Available here
ABOUT THE BOOK
Lyndsey Ellis | Hidden Timber Books | Cover Design: Jade Burel | Trade Paperback | Literary Fiction | Publication Date: June 1, 2021 | Trade Paper: 6×9 | Cover Price: $16.99 | eBook Price: $7.99 ISBN: 978-1-7365519-0-5 | 288 pages
Set in a struggling suburb of North St. Louis, Bone Broth excavates the social and familial issues that one Black family and their loved ones must navigate in order to survive.
After the passing of their volatile patriarch, Justine and her adult children find themselves within one another’s daily orbit in trying ways.
Justine, the new family matriarch, struggles to connect with her children and refuses to acknowledge the details of her murky past. Raynah, the unruly spitfire social activist, is determined to uncover the truth of that past so that she can move on with her present. Lois, the struggling real estate agent, contends with the reality of white flight while also dealing with the older emotional toll of violently losing her son. And Theo, the public servant, battles with the memory of violence, love lost, and his own sexuality.

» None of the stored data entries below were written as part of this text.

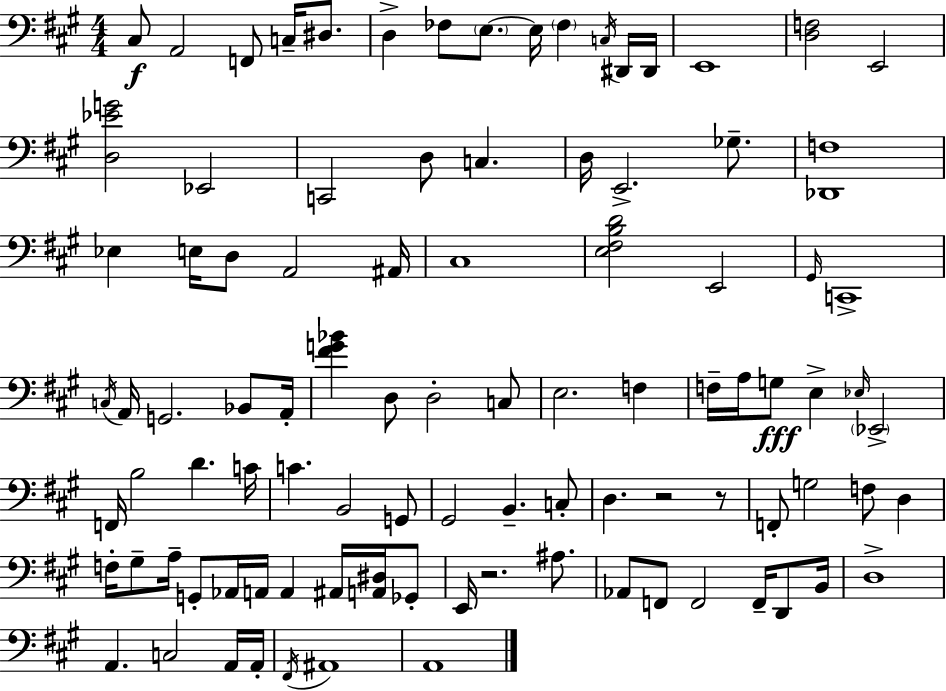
{
  \clef bass
  \numericTimeSignature
  \time 4/4
  \key a \major
  cis8\f a,2 f,8 c16-- dis8. | d4-> fes8 \parenthesize e8.~~ e16 \parenthesize fes4 \acciaccatura { c16 } dis,16 | dis,16 e,1 | <d f>2 e,2 | \break <d ees' g'>2 ees,2 | c,2 d8 c4. | d16 e,2.-> ges8.-- | <des, f>1 | \break ees4 e16 d8 a,2 | ais,16 cis1 | <e fis b d'>2 e,2 | \grace { gis,16 } c,1-> | \break \acciaccatura { c16 } a,16 g,2. | bes,8 a,16-. <fis' g' bes'>4 d8 d2-. | c8 e2. f4 | f16-- a16 g8\fff e4-> \grace { ees16 } \parenthesize ees,2-> | \break f,16 b2 d'4. | c'16 c'4. b,2 | g,8 gis,2 b,4.-- | c8-. d4. r2 | \break r8 f,8-. g2 f8 | d4 f16-. gis8-- a16-- g,8-. aes,16 a,16 a,4 | ais,16 <a, dis>16 ges,8-. e,16 r2. | ais8. aes,8 f,8 f,2 | \break f,16-- d,8 b,16 d1-> | a,4. c2 | a,16 a,16-. \acciaccatura { fis,16 } ais,1 | a,1 | \break \bar "|."
}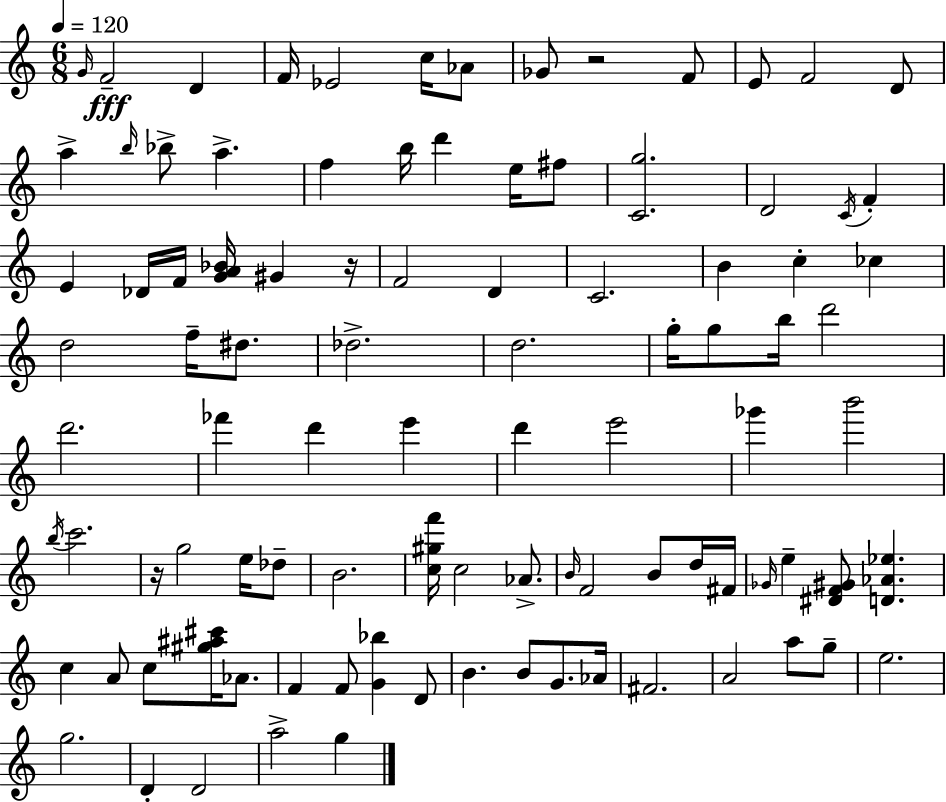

Through these linked perspectives, Bone Broth delivers the touchstones of an inequitable society: violence, suppression, and the human capacity to continue in the face of extreme adversity. With clear, cutting, biting prose, Ellis explores how trauma affects family dynamics, how it permeates every aspect of life, and how reckoning and reconciliation require the strength and courage to confront all the broken, jagged memories from the past.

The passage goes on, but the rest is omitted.